Am Montag begannen die Testfahrten für die neue Formel 1-Saison. Die Teams haben ihre neuen Boliden präsentiert - und die stecken voller spannender Technik. Aber die Innovationen sind ganz andere als bei Straßenwagen.

SCHWEIZ FORMEL 1 SAUBER FERRARI C36
So sieht der Sauber Ferrari C36 für dieses Jahr ausBild: picture-alliance/Keystone/SAUBER

Ein Formel 1-Lenkrad erinnert viele zuerst an eine Spielekonsole: Es gibt dort unübersichtlich viele Knöpfe, Schalter und Regler. In der Mitte ist ein großes Display - fast wie in einem Tablet-Computer.

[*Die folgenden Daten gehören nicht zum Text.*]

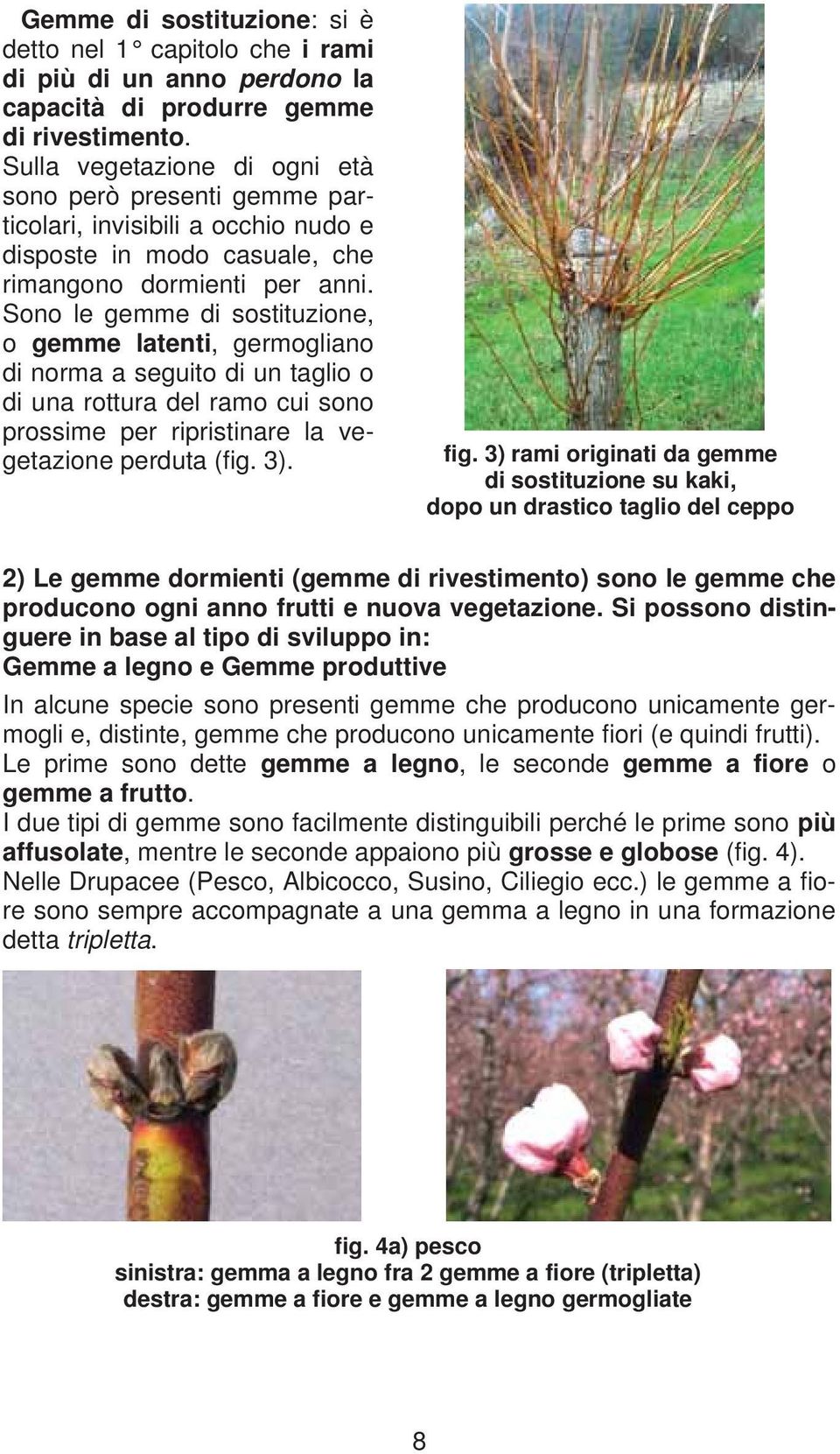 Sono le gemme di sostituzione, o gemme latenti, germogliano di norma a seguito di un taglio o di una rottura del ramo cui sono prossime per ripristinare la vegetazione perduta (fig. 3). fig.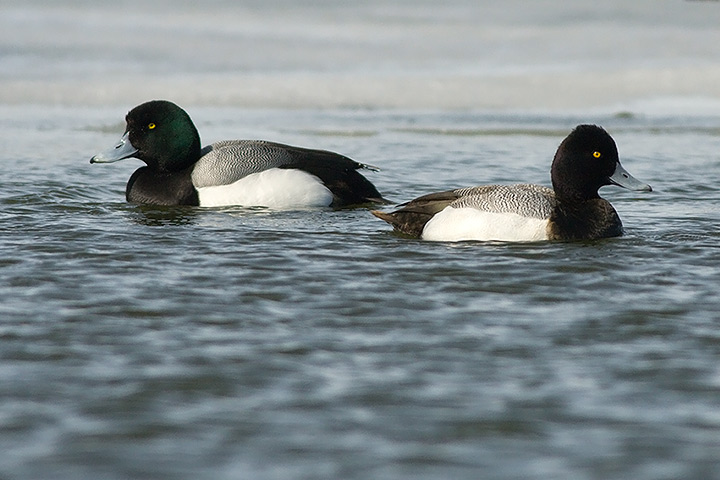 Greater Scaup and Lesser Scaup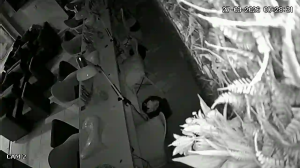 Caméra IP - Brasilien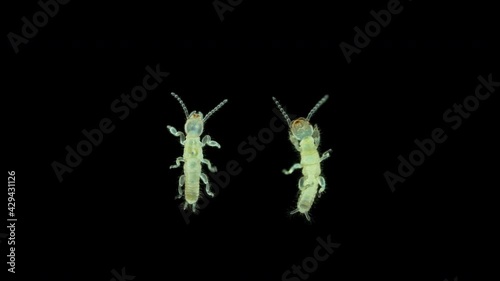 Newly born relic insect nymph Embia savignyi under a microscope. photo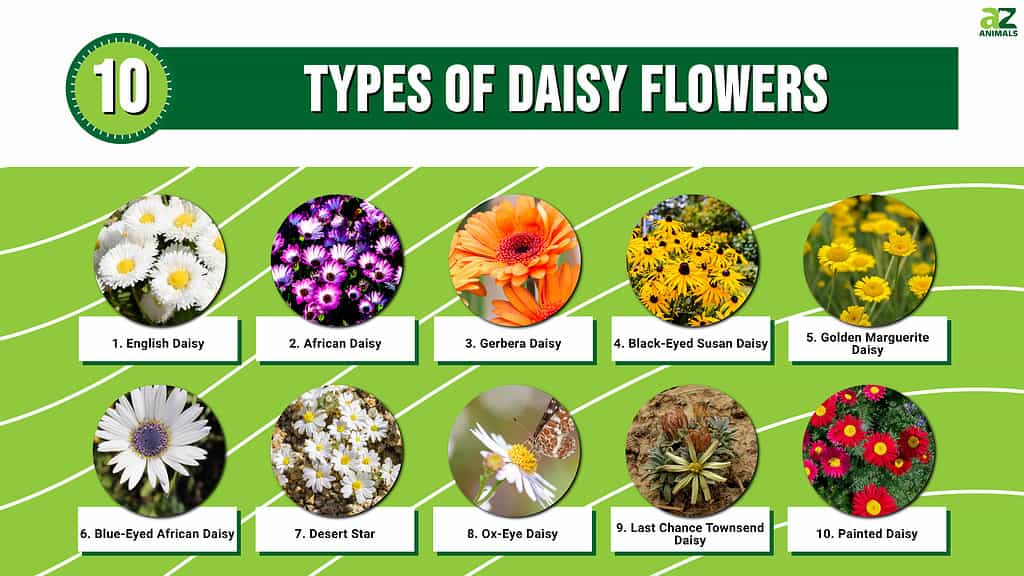 Daisies are lovely additions to any sunny garden.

Da liegt für den Betrachter der Gedanke nahe, dass auch in der Formel 1 immer mehr Automatisierung Einzug hält - Technik, die wir bereits von der Straße kennen: automatische Unterstützungssysteme für die Fahrer zum Beispiel, also Abstandsmesser, Tempomat, Spurhalte-, Notbrems- und Warnsysteme, etc.

Tatsächlich sind die vielen Knöpfe aber Ausdruck einer ganz anderen Konstruktionsphilosophie: Während der Trend bei Fahrzeugen auf der Straße immer stärker in Richtung automatisiertes oder zumindest teilautomatisiertes Fahren geht, behält der Fahrer in der Formel 1 immer die Kontrolle. Und das ist auch der Grund, weshalb er so viele Knöpfe braucht.

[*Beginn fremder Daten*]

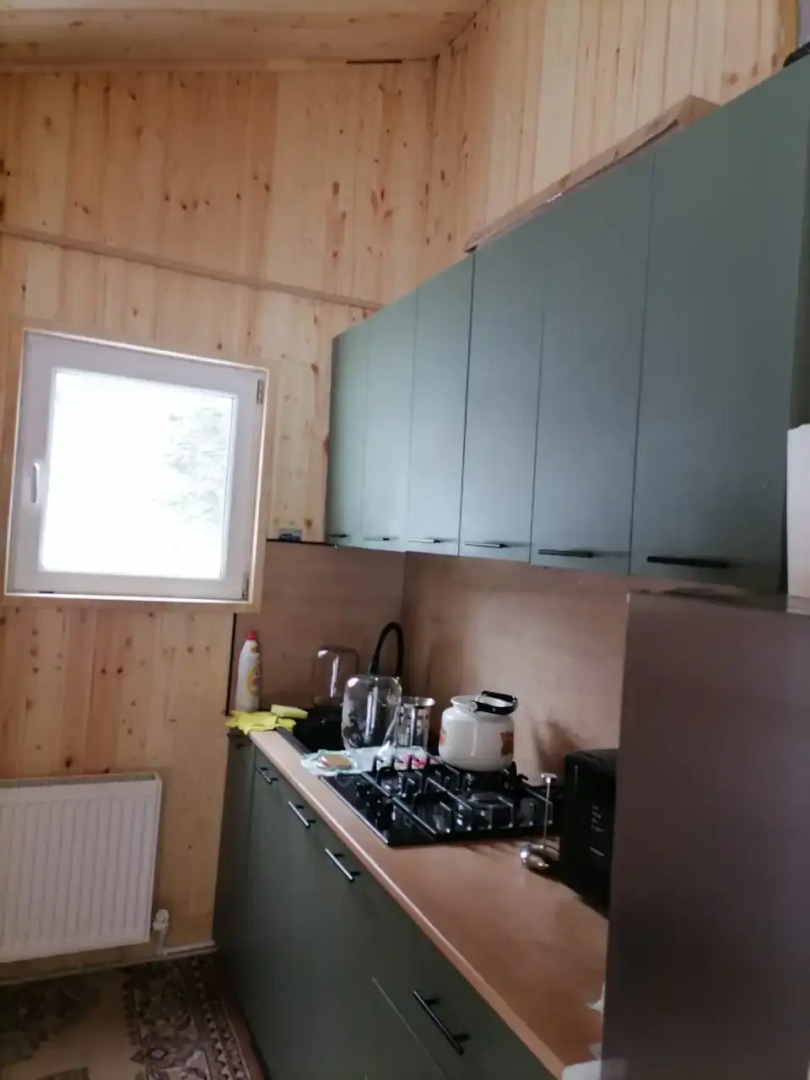 Шале Лес хрустальной песни 1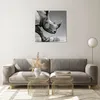 Bilder auf glas - Einteilig - Nashorn Monochrom Tier - Produktbild-Vorschau 7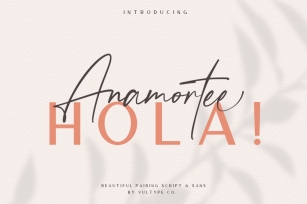 Anamortee  Modern Calligraphy Font Font Download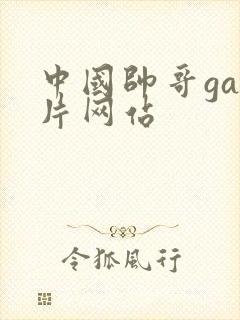 中国帅哥gay片网站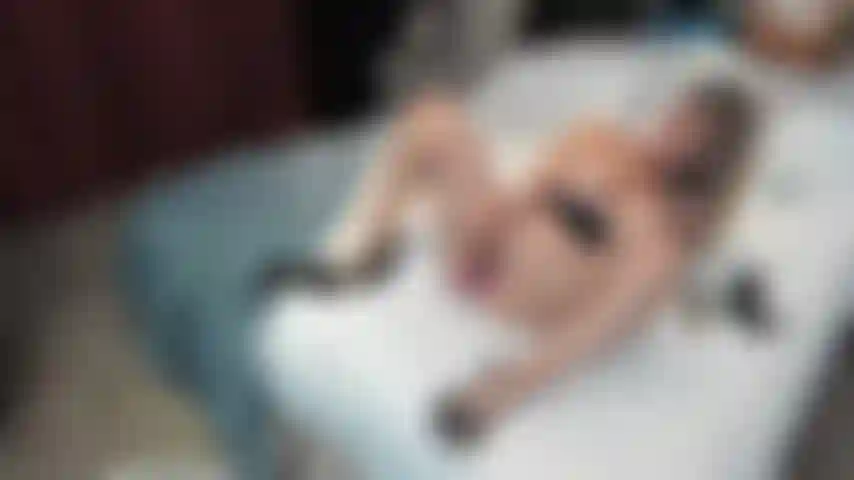 Double pénétration avec 2 jouets en solo.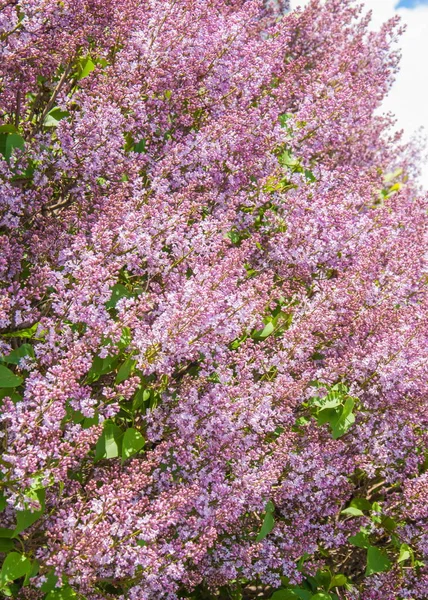Tekstuuri Kuvio Tausta Lilan Kukkia Vaalean Vaaleanpunainen Violetti Väri Suuri — kuvapankkivalokuva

Gemeinsamkeiten zwischen PKW und Boliden

Es gibt einige grundsätzliche Parallelen zwischen Formel 1-Boliden und normalen PKW - zum Beispiel in der Art und Weise wie die Steuersignale aus dem Cockpit zu den Rädern, Bremsen und allen anderen Komponenten kommen.

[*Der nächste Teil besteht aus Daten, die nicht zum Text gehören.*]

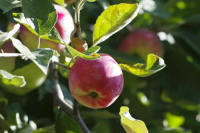 Путин призвал нарастить производство отечественных яблок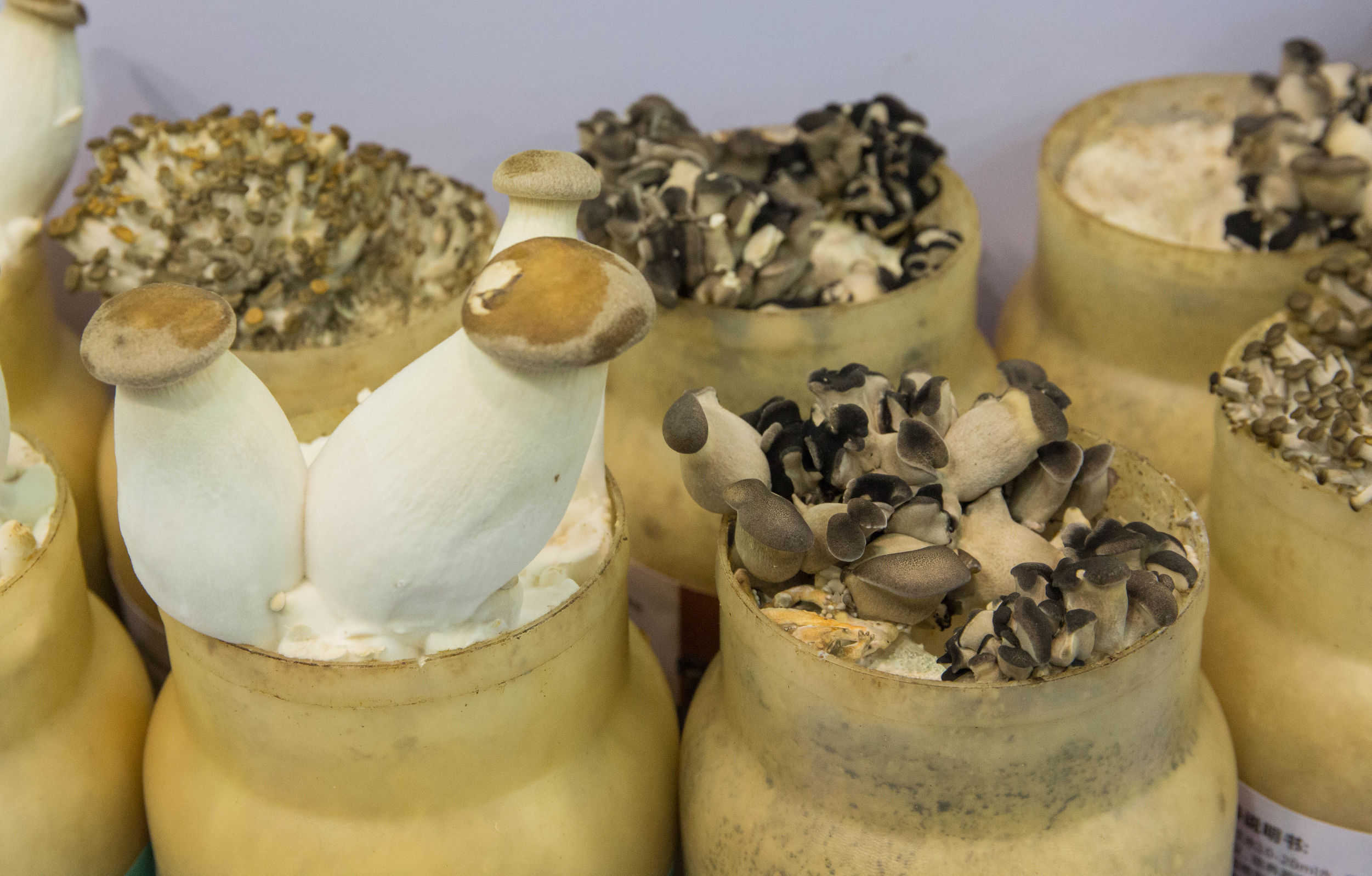 浙江农博会藏梨,在展博会体验满满未来感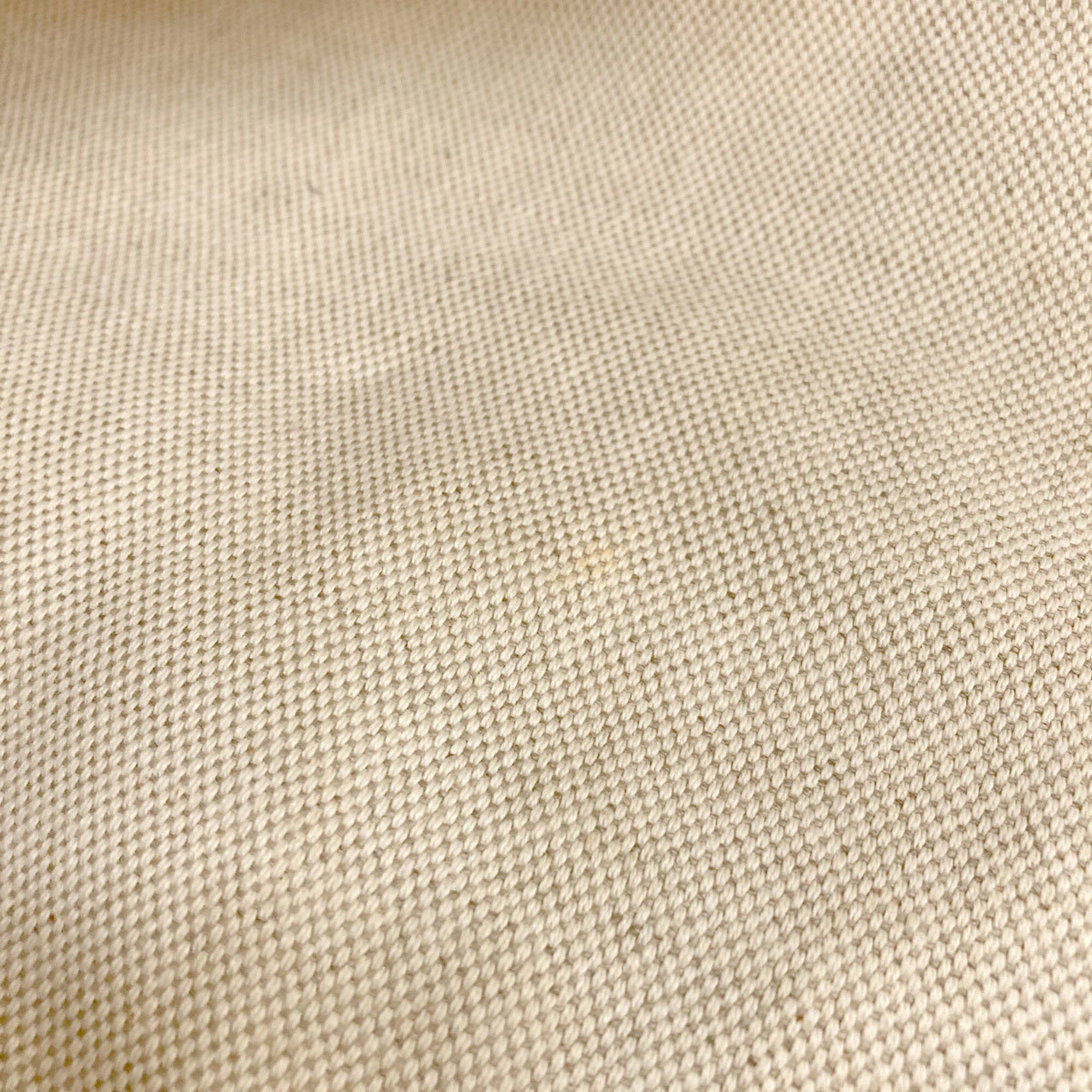 Miu Miu Beige Canvas Tote Bag (Pre-Owned)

Heutzutage geschieht das ausschließlich über elektronische Datenverbindungen - sogenannte Bus-Systeme. Dieses Prinzip ist auch bekannt als Drive-by-Wire.

 

Nicht nur vernetzte PKW empfangen und schicken immer mehr Daten von und nach draußen - auch Formel 1-Wagen tun das. Nur hier geht es darum, Informationen über den Zustand des Wagens an die Technik-Teams in der Boxengasse zu übertragen, die damit in Echtzeit über alle Details - wie Motortemperatur, Benzin- und Ölstand, Reifendruck und vieles mehr - informiert sind.

Elektronische Steuerung ist heute die Norm

Drive-by-Wire kam über den Umweg der Formel 1 eigentlich vom Flugzeugbau in die Straßenfahrzeuge. Mit dieser Innovation kam auch die elektronische Gangschaltung (Tip-Tronic) und der Tempomat in den regulären Fahrzeugbau.

Zumindest eine Funktion, die mit dem Tempomaten entfernt vergleichbar wäre, gibt es auch in der Formel 1: Ein Limiter-Knopf. Der sorgt dafür, dass der Rennwagen nicht schneller als 100 km/h fährt. Der Fahrer drückt ihn kurz bevor es in die Boxengasse geht. Dort herrscht nämlich eine streng überwachte Höchstgeschwindigkeit. Wird man als Raser geblitzt, gibt es Punktabzug in der Gesamtwertung - fast wie im richtigen Leben.

Was haben schwere Baumaschinen mit Rennwagen gemeinsam?

Und es gibt noch eine Funktion, die bei Rennwagen sehr wichtig ist, und die auch im Straßenverkehr zu finden ist - aber fast nur bei Lastkraftwagen, Off-Road-Fahrzeugen und Baumaschinen: Die Differentialsperre. Sie regelt, wie die Kraft vom Motor und der zentralen Antriebswelle auf die einzelnen Räder übertragen wird.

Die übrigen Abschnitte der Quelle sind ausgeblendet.